Contain following component: the starch hydrolyzate 0.3L, bean powder hydrolyzate 0.2L, fish meal in every liter of fermentation medium
29g, sunflower oil 30g, copper sulphate 0.07g, magnesium sulfate 0.9g, -40 1.0g of potassium dihydrogen phosphate 4g, VE 0.035g and Span,
And the pH value of fermentation medium is adjusted to 6.0 with sodium hydroxide.
The starch hydrolyzate comprises the following steps: potato starch, which is configured to mass percent concentration with water, is
Then hydrochloric acid is added in 18% starch milk, hydrochloric acid additive amount is the 0.5% of starch milk volume total amount, and starch milk and hydrochloric acid stir
2h is reacted at 50 DEG C after uniformly, to after reaction, in sodium hydroxide and starch hydrolyzate that obtained pH value is 7.0.
The bean powder hydrolyzate comprises the following steps: it is 24% that beancake powder and water, which are configured to mass percent concentration,
Then hydrochloric acid is added in beancake powder suspension, hydrochloric acid additive amount is the 1.2% of beancake powder suspension volume total amount, and beancake powder is suspended
Liquid reacts 5h with hydrochloric acid at 70 DEG C after mixing evenly, during which supplements water and maintains suspension constancy of volume.After reaction, hydrogen is used
The beancake powder hydrolyzate for being 7.0 with obtained pH value in sodium oxide molybdena.
It collects fermentation liquid and obtains thallus, measure dry weight and reach 60.6g/L, high performance liquid chromatography detects tomato in fermentation liquid
For red pigment unit up to 4.56g/L, mass percent of the lycopene in dry mycelium is 7.52%.

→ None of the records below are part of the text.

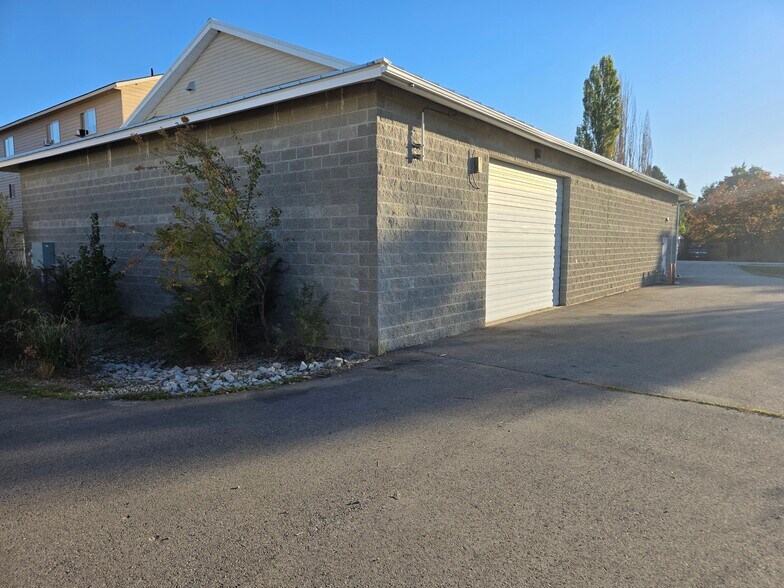 More Photos Of 1725 Culvers Dr, Sandpoint Industrial For Lease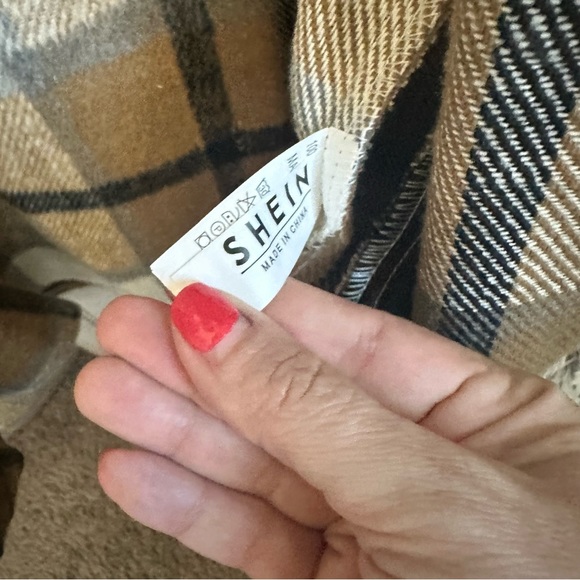 Shein Plaid Shacket - Picture 4 of 6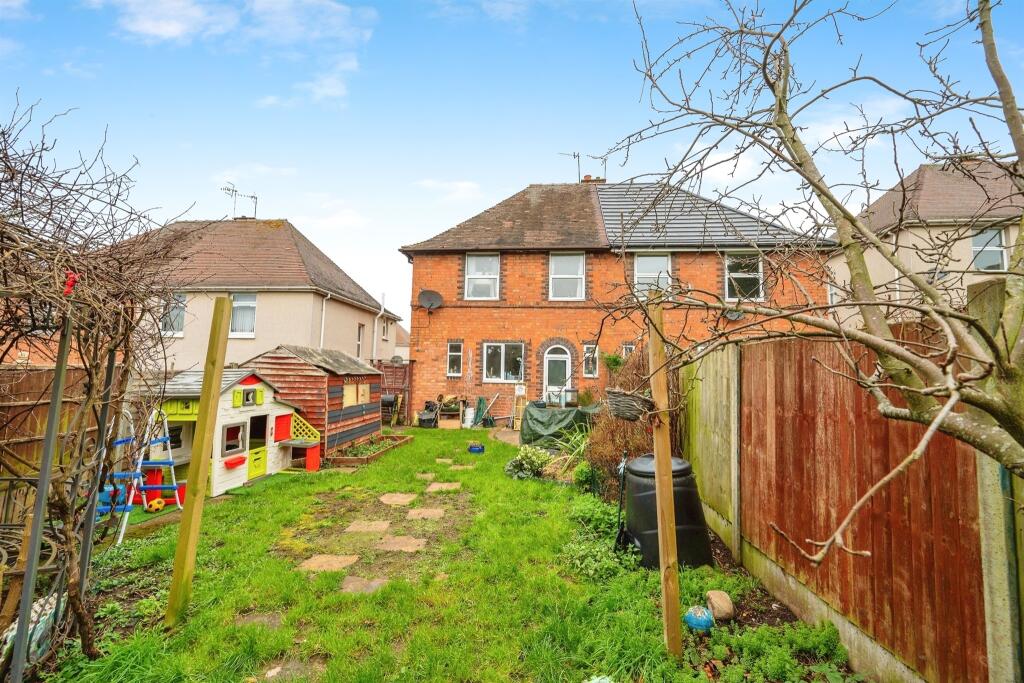 3 bed Semi-Detached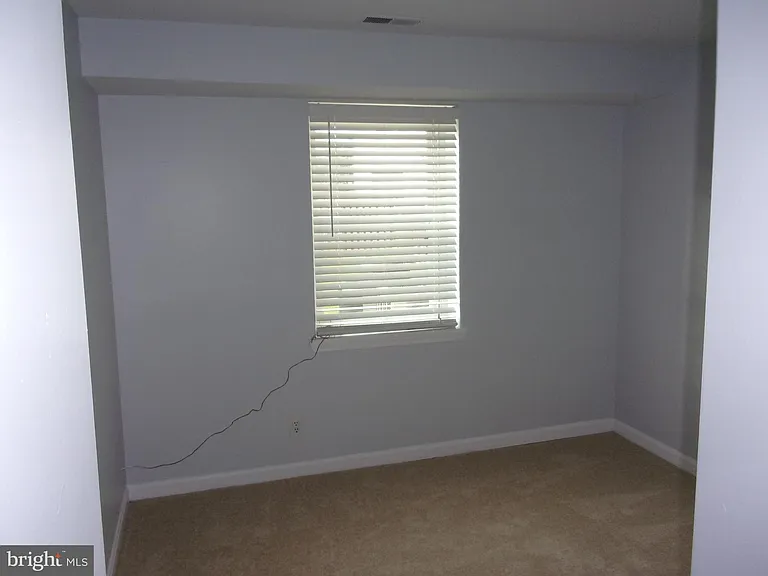 100 Chesterfield Ln — Photo 15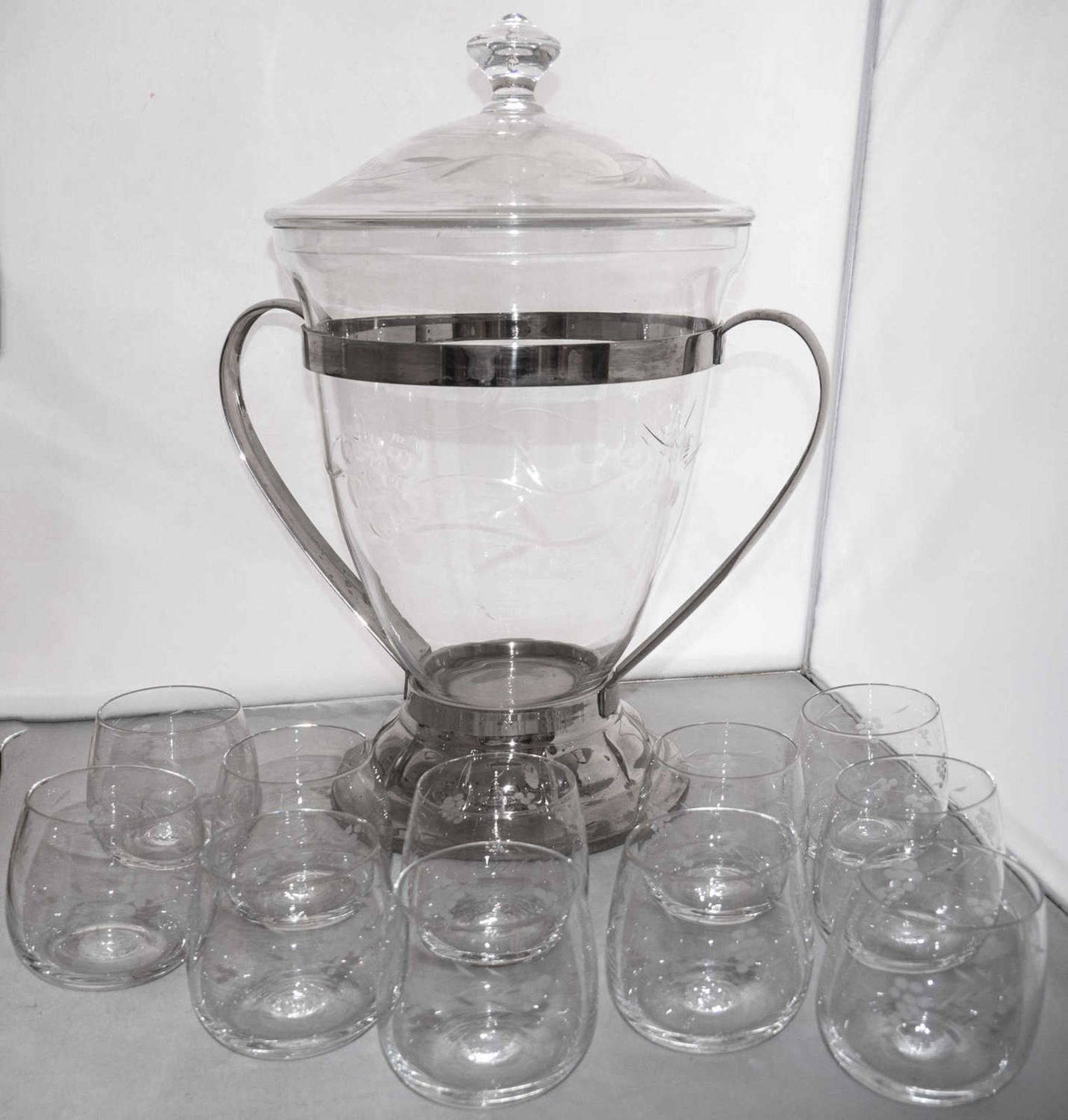 Bowle - Pokal, Glasbehälter mit Deckel (keiner Chip) in Metall - Montur. Höhe: ca. 40 cm,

Embodiment 6~13 and comparative example 1~2
In embodiment 6~13 and comparative example 1~2, only part test condition is different from embodiment 1, remaining same embodiment
1, biomass, yield and content such as 1 institute of table in dry mycelium of experimental condition difference and gained fermentation lycopene
Show.
Table 1
Although the embodiments of the present invention has been shown and described above, it is to be understood that above-described embodiment is example
Property, it is not considered as limiting the invention, those skilled in the art are not departing from the principle of the present invention and objective
In the case where can make changes, modifications, alterations, and variations to the above described embodiments within the scope of the invention.